(Dataset records)

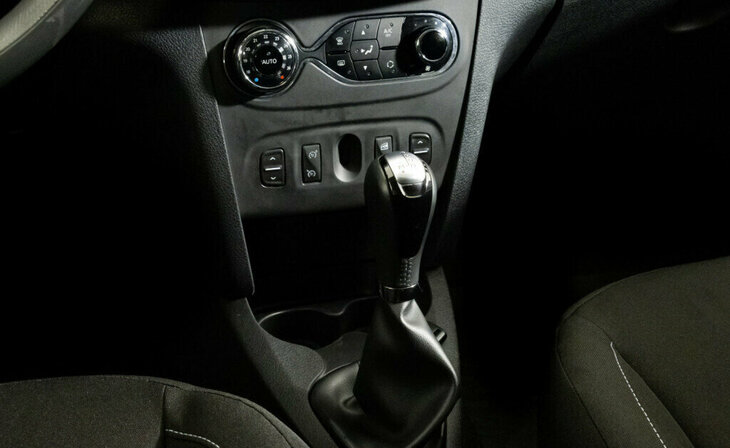 Renault Sandero - Фото 7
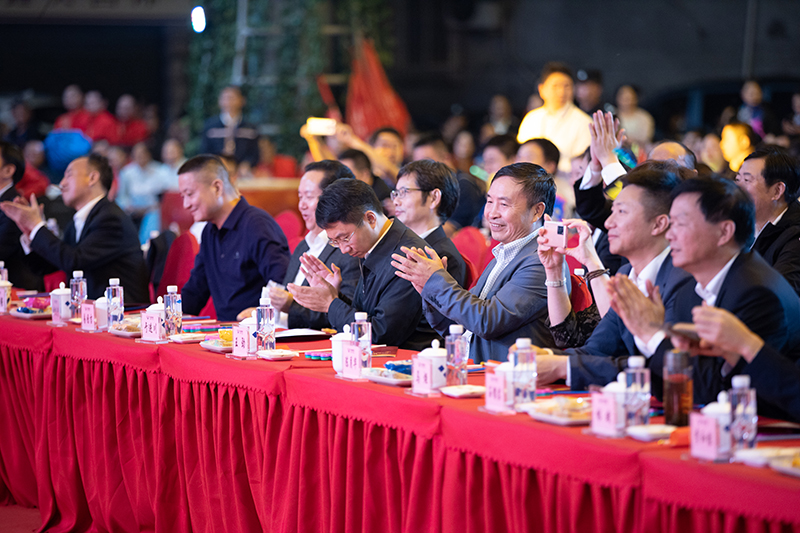 集團(tuán)公司舉行2020迎中秋慶國慶文藝晚會(huì)(圖1)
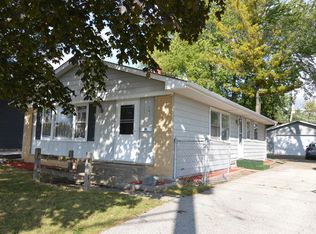 1052 W Hawley St, Mundelein, IL 60060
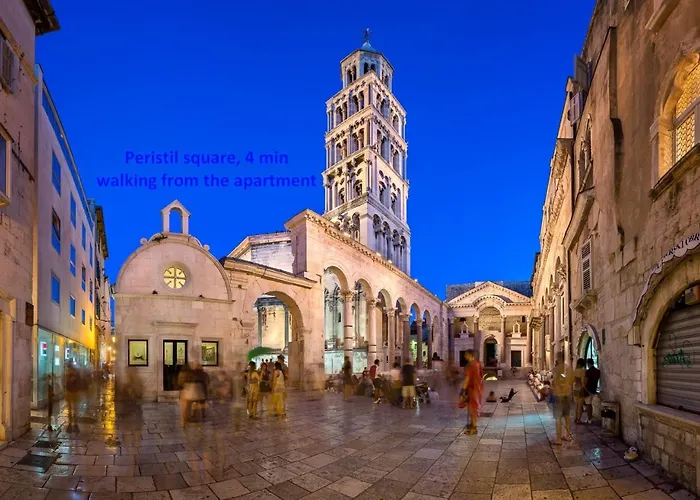 Luxury Spacious In The Heart Of Daire Split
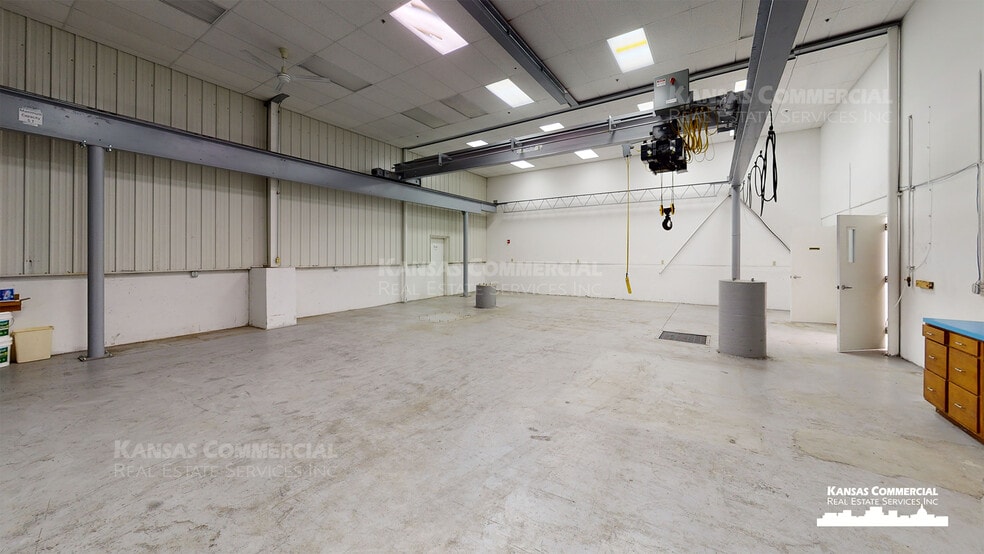 More Photos Of 6531 SE Forbes Ave, Topeka Warehouse For Lease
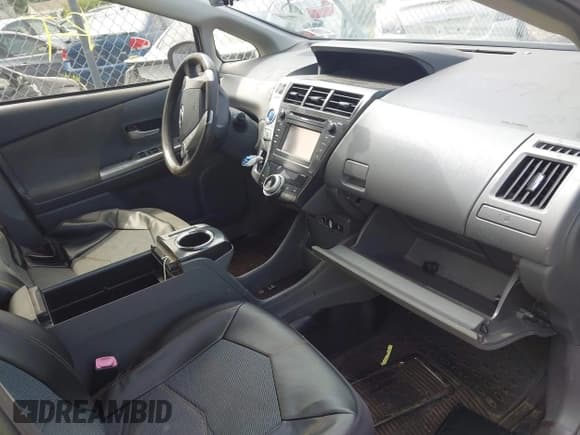 ✅ 2014 Toyota Prius Two • VIN: JTDZN3EU5E3301861 • Lot: 42621485. Listed on IAAI with Not provided. Free auction sales archive from the USA and detailed vehicle history report at DreamBid. Image 5.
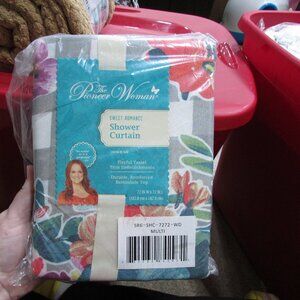 Pioneer Woman shower curtain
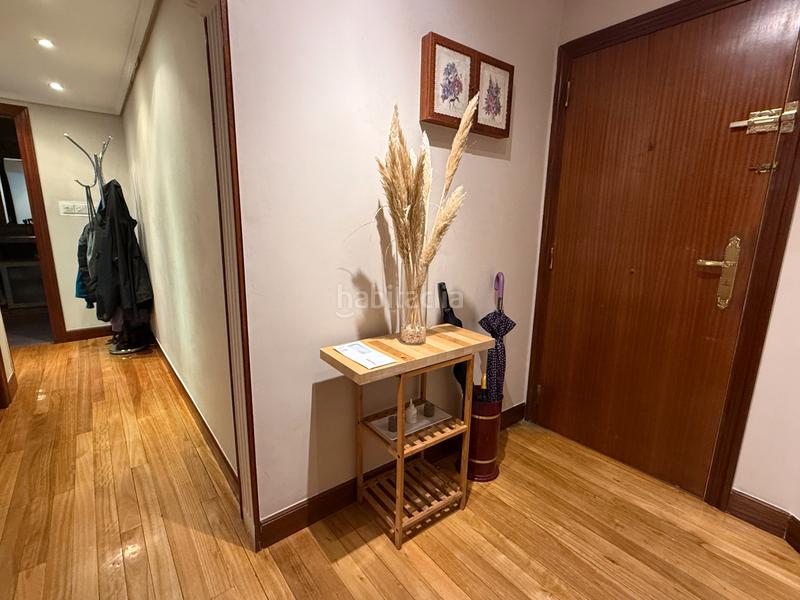 Foto 293ed31e-53d5-48fd-a5f4-9f47e0c03580. Appartement dans menendez y pelaio kalea 11 dans Centro-Ariz-Uribarri Basauri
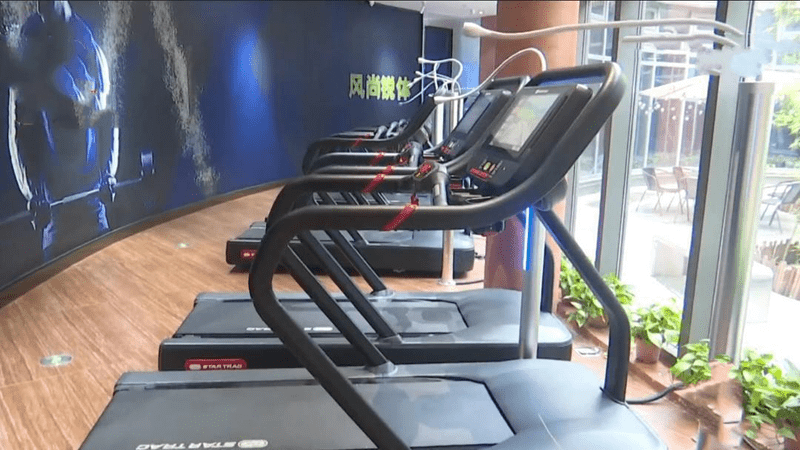 男子一周去五次健身房，因汗多味大被退卡，工作人员回应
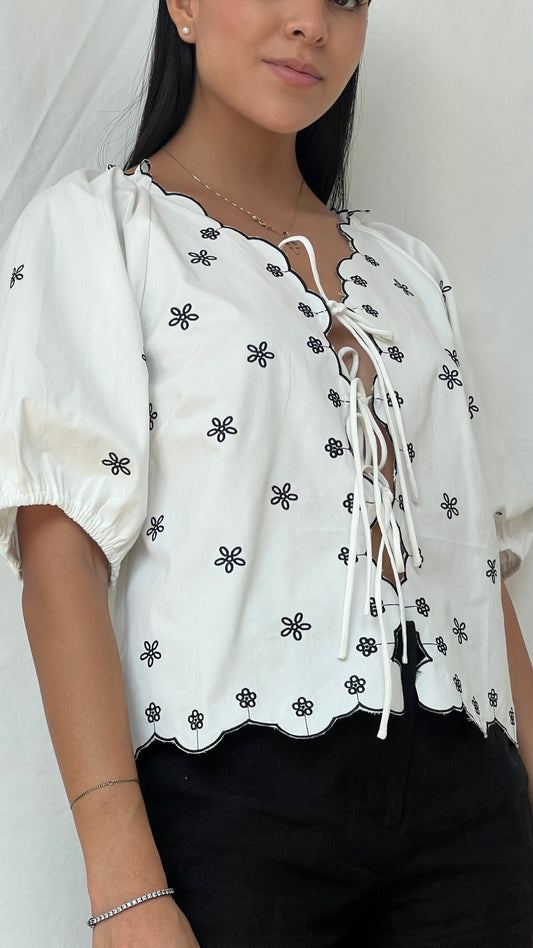 Blusa manga globo de amarres frontales y estampados florales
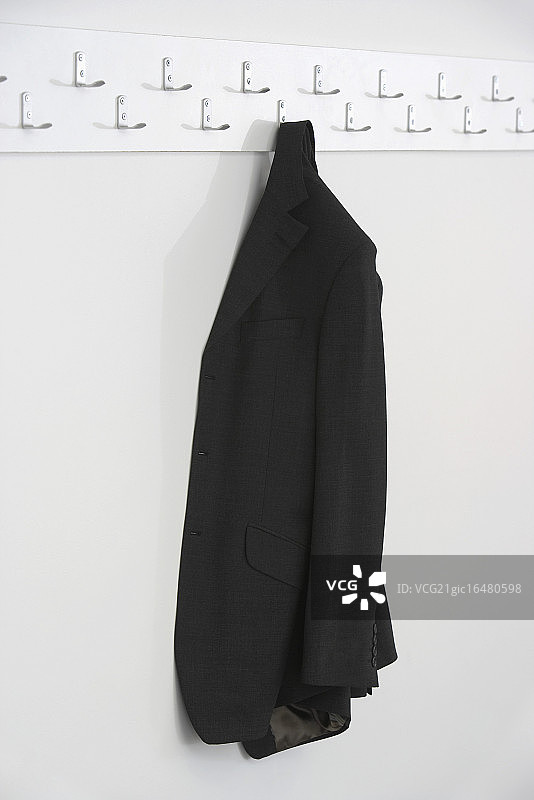 黑色的夹克挂在白色的墙上图片素材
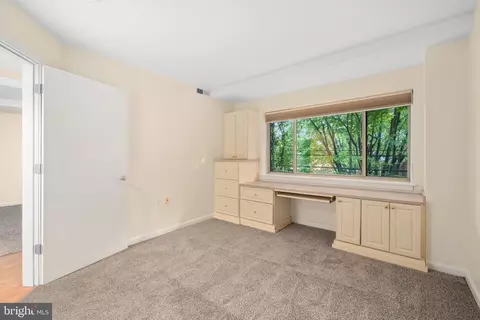 Bedroom - 7981 Eastern Ave #219, Silver Spring, MD 20910 photo 3 of 6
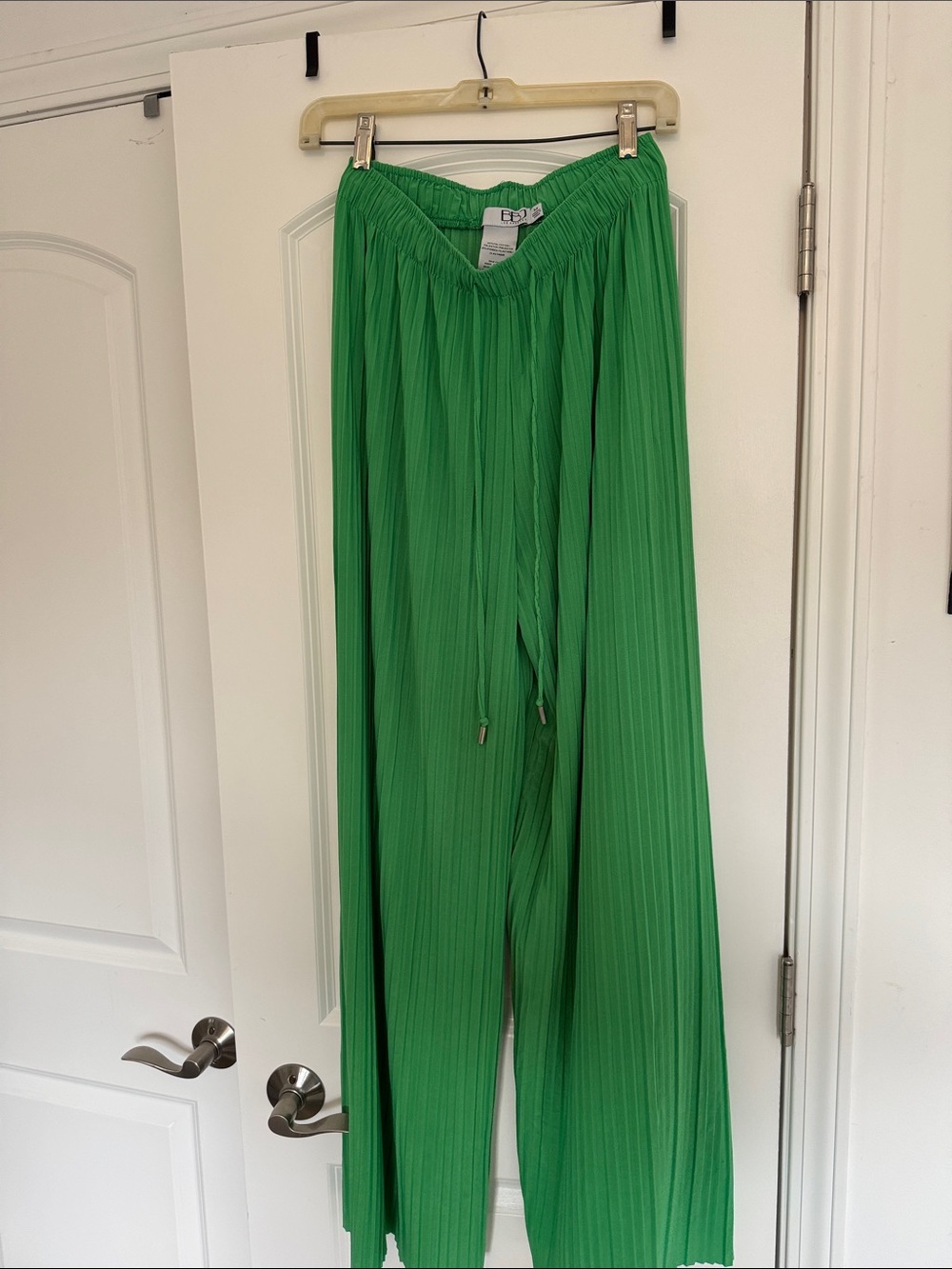Pleated Wide-Leg Green Women's Pants with Drawstring Waist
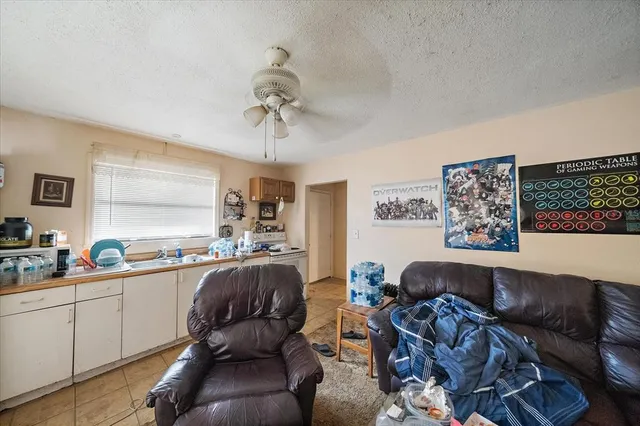 $320,000 | 2150 Schwalbe Way, Sarasota, FL 34235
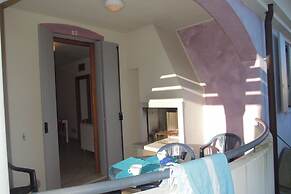 Modern Three Room Flat With Pool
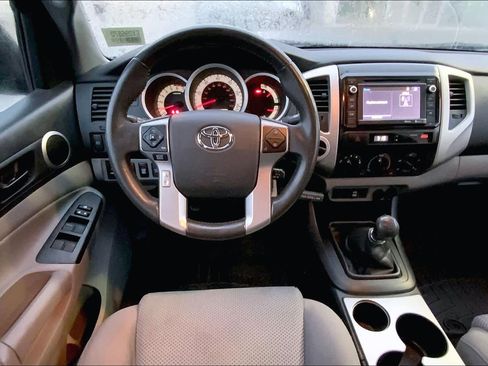 Used 2014 Toyota Tacoma 4x4 Double Cab w/ TRD Sport Package image 6
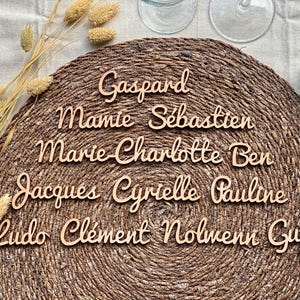 Marque place prénom pour mariage, baptême, prénom en bois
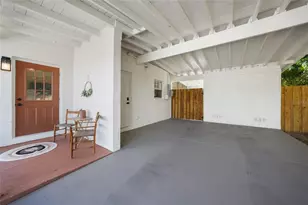 130 Palmetto Cir NE, Port Charlotte, FL 33952 - Photo 4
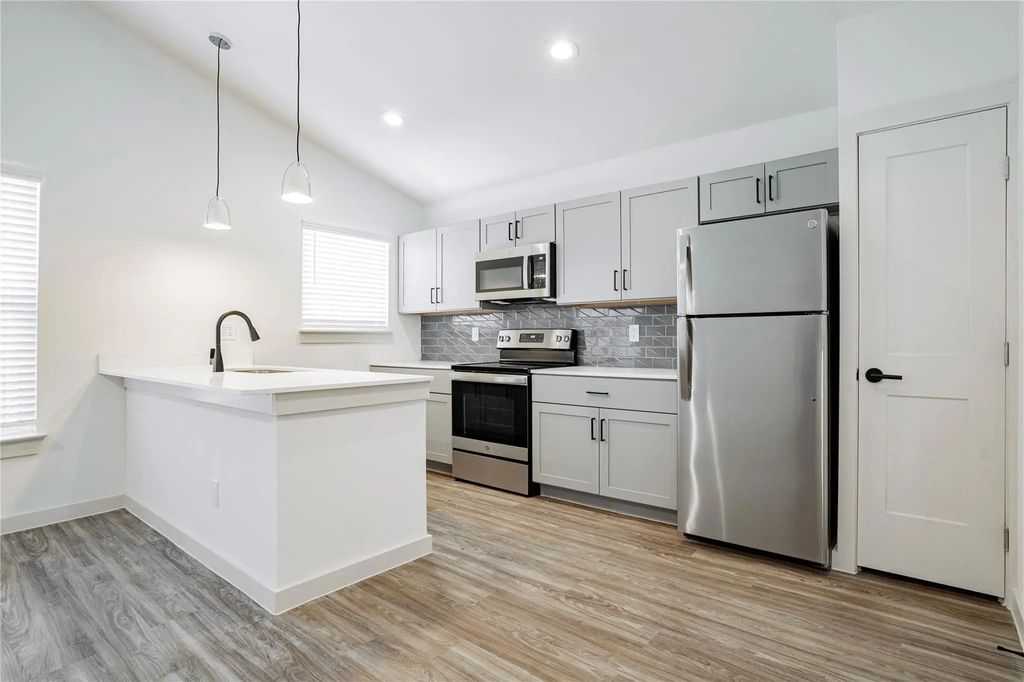 523 N Ewing Avenue 106, Dallas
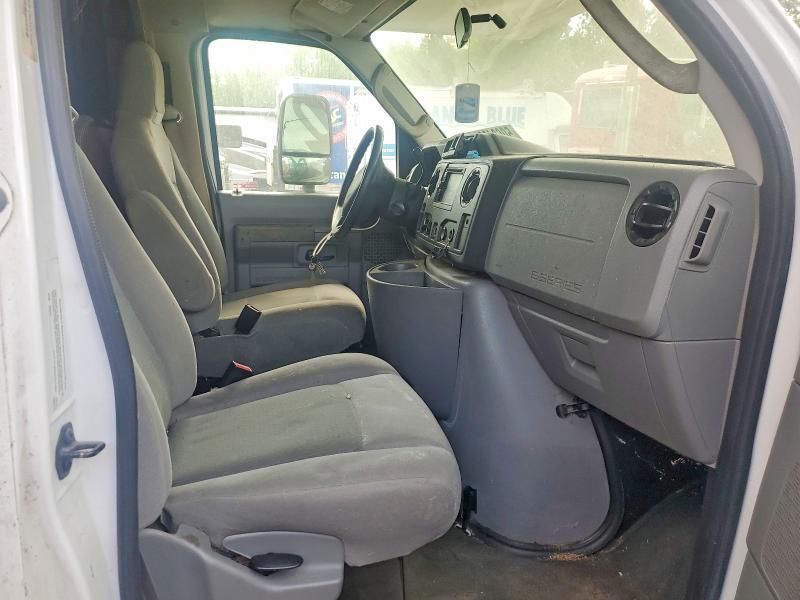 2012 Ford Econoline E350 Super Duty Cutaway Van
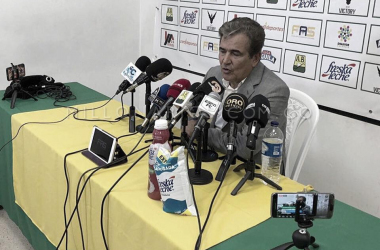 Jorge Luis Pinto:
“Estamos recuperando el ritmo, fue un partido difícil pero nos llevamos los
tres puntos”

** Work request **
Pictures aside, retype all of the entries word for word.

** Output below **
 Renault Sandero - Фото 7
 集團(tuán)公司舉行2020迎中秋慶國慶文藝晚會(huì)(圖1)
 1052 W Hawley St, Mundelein, IL 60060
 Luxury Spacious In The Heart Of Daire Split
 More Photos Of 6531 SE Forbes Ave, Topeka Warehouse For Lease
 ✅ 2014 Toyota Prius Two • VIN: JTDZN3EU5E3301861 • Lot: 42621485. Listed on IAAI with Not provided. Free auction sales archive from the USA and detailed vehicle history report at DreamBid. Image 5.
 Pioneer Woman shower curtain
 Foto 293ed31e-53d5-48fd-a5f4-9f47e0c03580. Appartement dans menendez y pelaio kalea 11 dans Centro-Ariz-Uribarri Basauri
 男子一周去五次健身房，因汗多味大被退卡，工作人员回应
 Blusa manga globo de amarres frontales y estampados florales
 黑色的夹克挂在白色的墙上图片素材
 Bedroom - 7981 Eastern Ave #219, Silver Spring, MD 20910 photo 3 of 6
Pleated Wide-Leg Green Women's Pants with Drawstring Waist
 $320,000 | 2150 Schwalbe Way, Sarasota, FL 34235
 Modern Three Room Flat With Pool
 Used 2014 Toyota Tacoma 4x4 Double Cab w/ TRD Sport Package image 6
 Marque place prénom pour mariage, baptême, prénom en bois
 130 Palmetto Cir NE, Port Charlotte, FL 33952 - Photo 4
 523 N Ewing Avenue 106, Dallas
 2012 Ford Econoline E350 Super Duty Cutaway Van
 Jorge Luis Pinto:
“Estamos recuperando el ritmo, fue un partido difícil pero nos llevamos los
tres puntos”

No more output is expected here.